Their project uses the Spark Core for the brains, three I2C LED matrices for display, an I2C temperature and humidity sensor, and a PIR motion sensor to tell if you’re home or not. They don’t have all the functionality of a Nest Thermostat, but they remind their readers that “every polished product starts as a rough prototype.”
They enclosed the project into an acrylic and wood assembly, digitally fabricated using a laser cutter and CNC mill, respectively. After uploading their firmware code and creating a web-based backend with a REST API, they had their own network-connected learning thermostat. “The beauty of a connected device is that it can be constantly improving, whether it’s by updating the firmware, updating the cloud software, or by using machine learning to optimize and improve the logic of the device.”
The team of 3.5 engineers spent one long day and about $70 on components to design and build the project. This includes $39 for the Spark Core but excludes the wood and acrylic, which they got for free. All of the code and design files are available on Github if you want to make your own smart thermostat inspired by Nest.
Adafruit is also toying with plans to create their own open source smart thermostat. They put a feeler out on their blog and Google+ page recently along with a rendering from Mike Doell, who is helping to design the project. Their thermostat will be based around the popular Raspberry Pi single board computer. The posts generated a flood of positive feedback from their customers. “The response for an ‘open source Nest’ has been fantastic,” said Limor Fried, founder and engineer of Adafruit Industries. “We put out the general question ‘should we make this’ and the answer appears to be a very passionate YES!”
They’re currently speccing out a kit, complete with code and tutorials—in typical Adafruit fashion. Their hope is that the price of the kit will stay under the $100 threshold. According to Limor, features of the project are likely to include data logging, actions based on temperature and your calendar, self programming over time, and remote access.

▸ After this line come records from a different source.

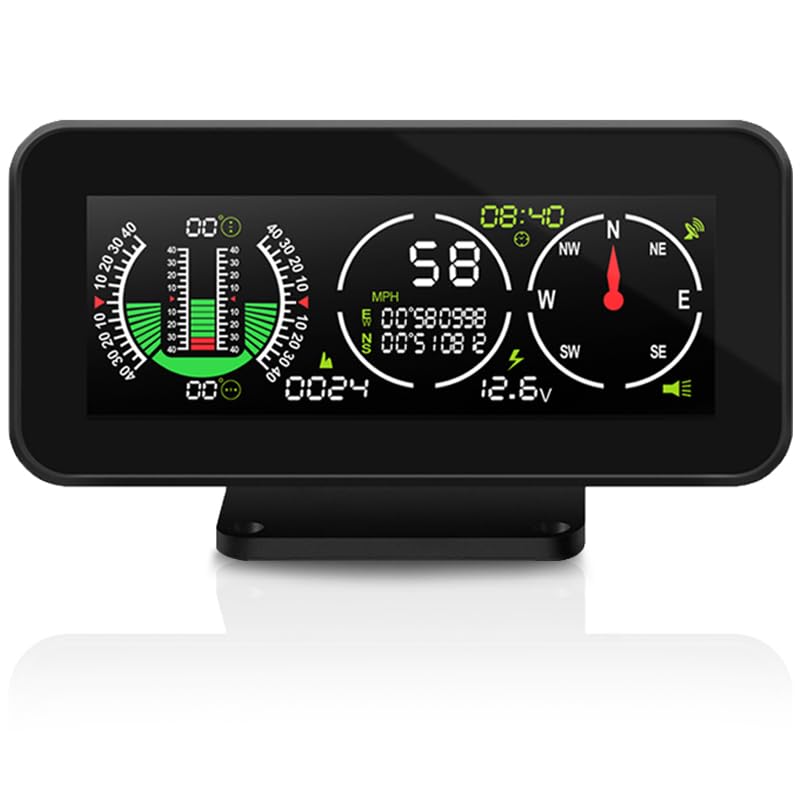 AOMOSUR front display showing speed and inclinometer for quick dashboard readings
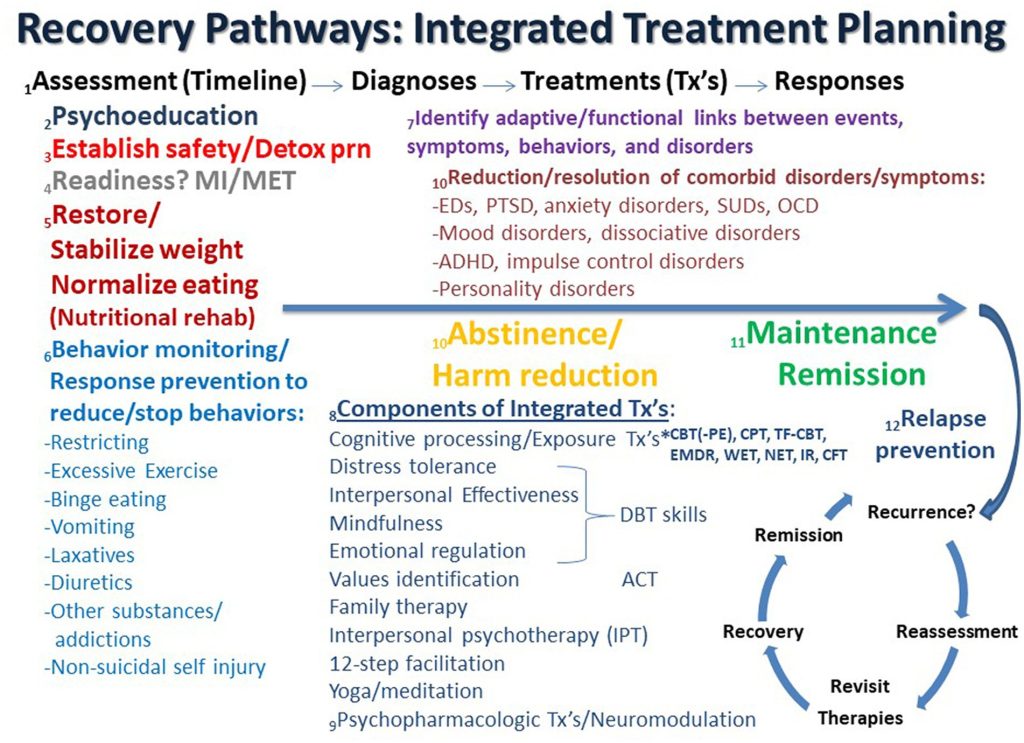 anorexia recovery stages of treatment integral theory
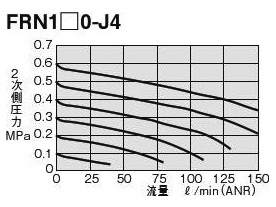 FRN1□0-J4 flow characteristics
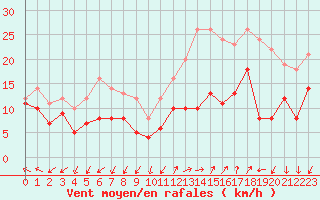 Courbe de la force du vent pour Millau - Soulobres (12)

And Adafruit isn’t stopping at smart thermostats, either. They’ve seen a lot of excitement around their CC3000 breakout board, which makes it much easier for a project to connect to the Internet via Wifi. In their learning system, you can find plenty of example projects that use the board, from Wifi weather stations to wireless gardening. It’s all part of a growing interest around DIY internet of things and connected home projects.

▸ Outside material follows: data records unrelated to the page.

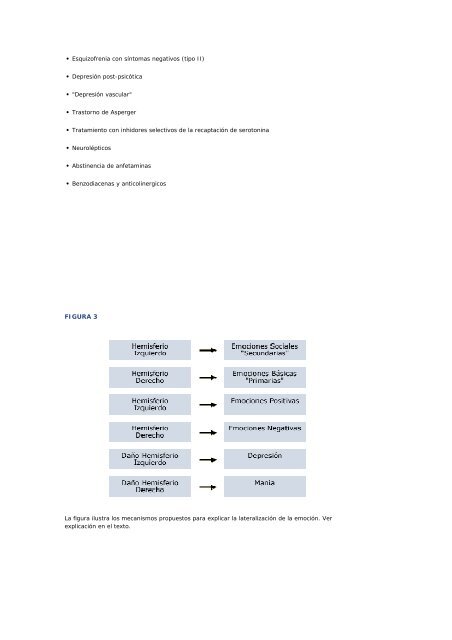 CAPÍTULO 15: NEUROPSIQUIATRÍA DE LA MOTIVACIÓN Y ...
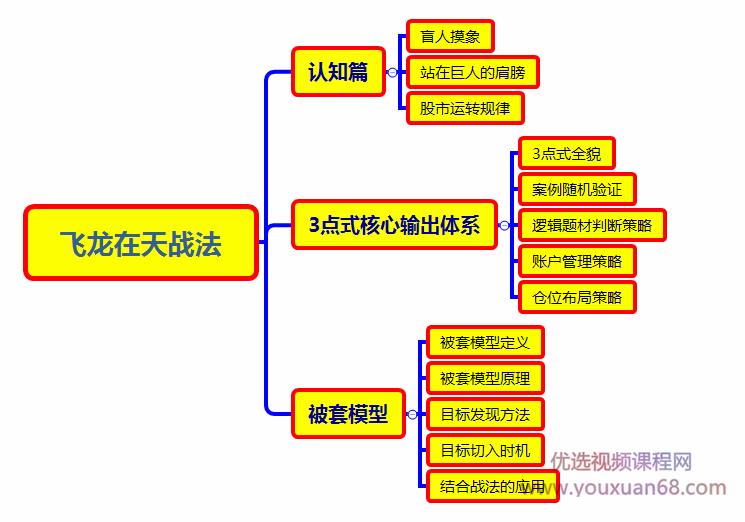 教主东方不败《飞龙在天3期》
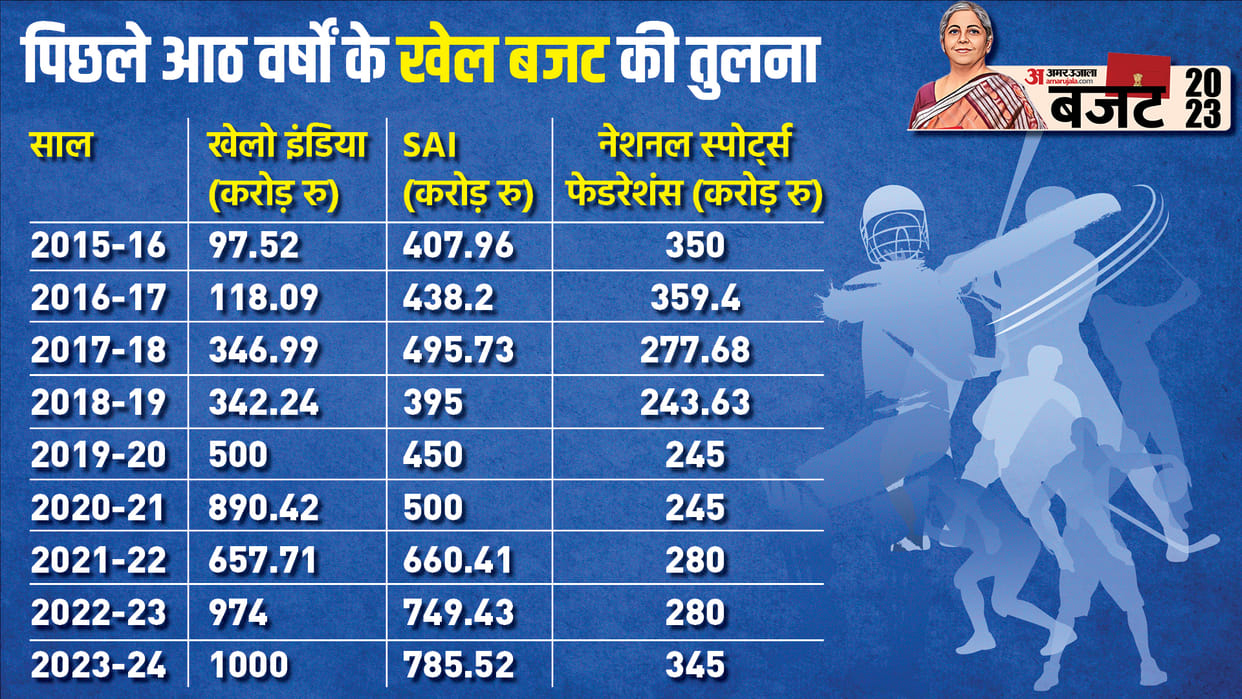 Union Budget 2023 Budget for Sports Expectations This Year Know 2022 Report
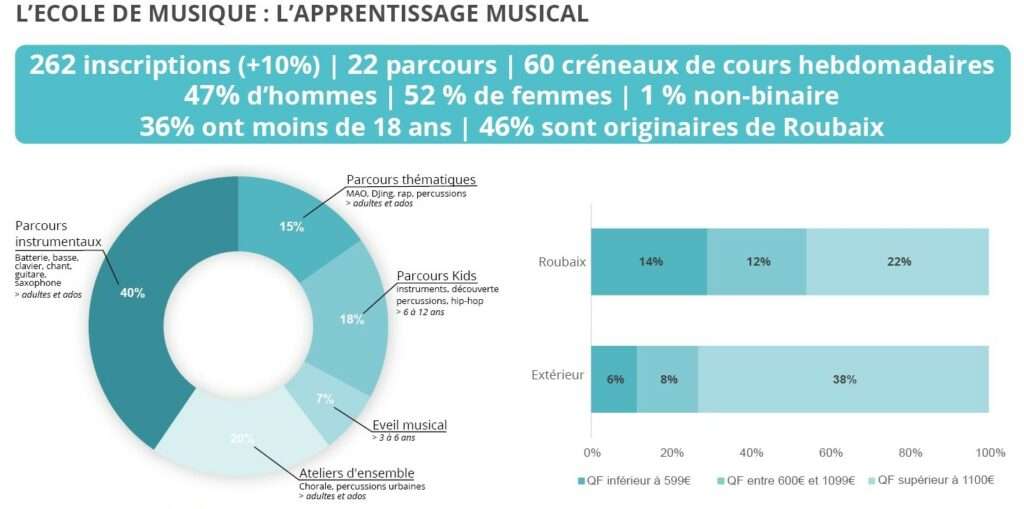 Ecole de musique : 262 inscriptions (+10%), 22 parcours, 60 créneaux de cours hebdomadaires, 47% d'hommes, 52 % de femmes, 1% non-binaire, 36% ont moins de 18 ans, 46% sont originaires de Roubaix.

However, it’s not just easy connectivity that’s driving this change. It’s likely that much of this interest stems from a concern over privacy of personal data. Limor herself weighed in on the issue in a recent New York Times opinion article where she proposes a bill of rights for companies making connected devices.
“We think our Internet of Things Bill of Rights is the direction makers and just about anyone who cares about their data wants to see for the most intimate place, their homes,” said Limor.

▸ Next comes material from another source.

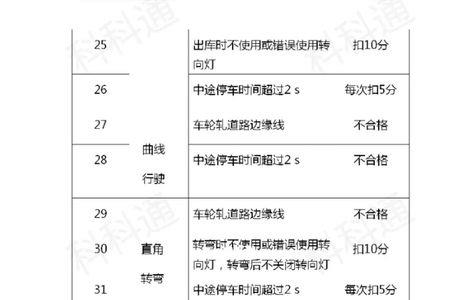 浏阳科四的答题技巧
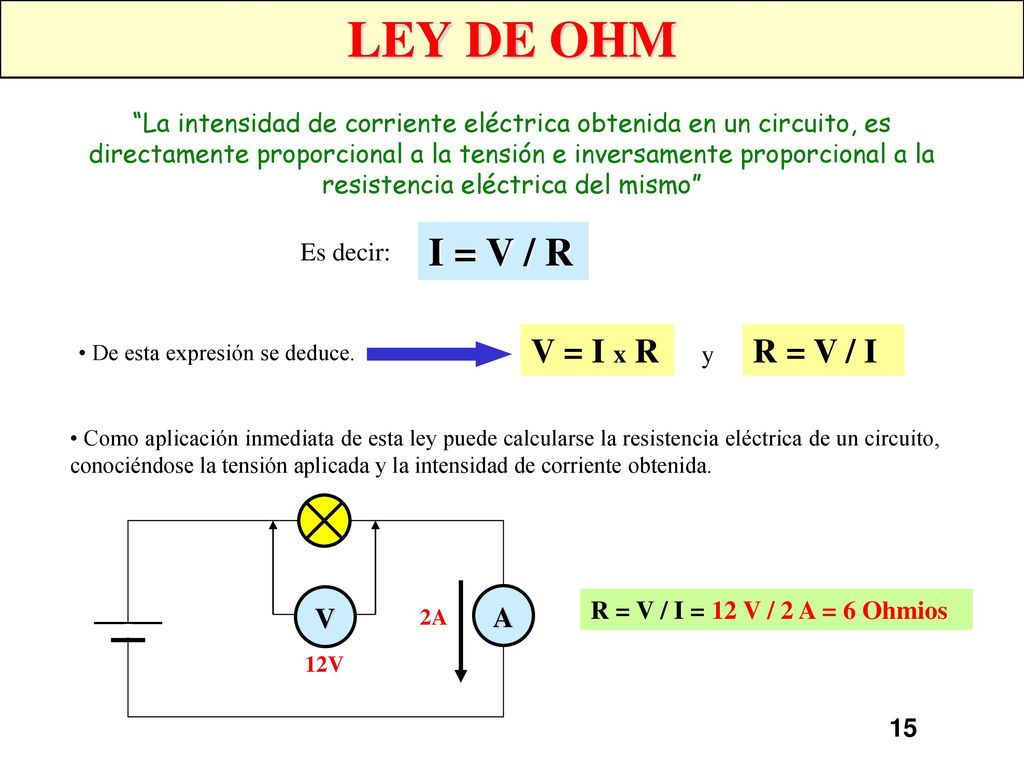 LEY DE OHM I = V / R V = I x R R = V / I V A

Whatever the motivation is to create DIY connected home devices, there’s little doubt that we’ll be seeing a lot more projects like these in the future. The tools are becoming more accessible, more powerful, and less expensive. Resources and documentation are becoming more thorough. All along, the desire to take control of the home has been a common endeavor for makers everywhere. And more than ever, there’s no lack of inspirational work like these projects to keep us motivated to push the available technology to its limits.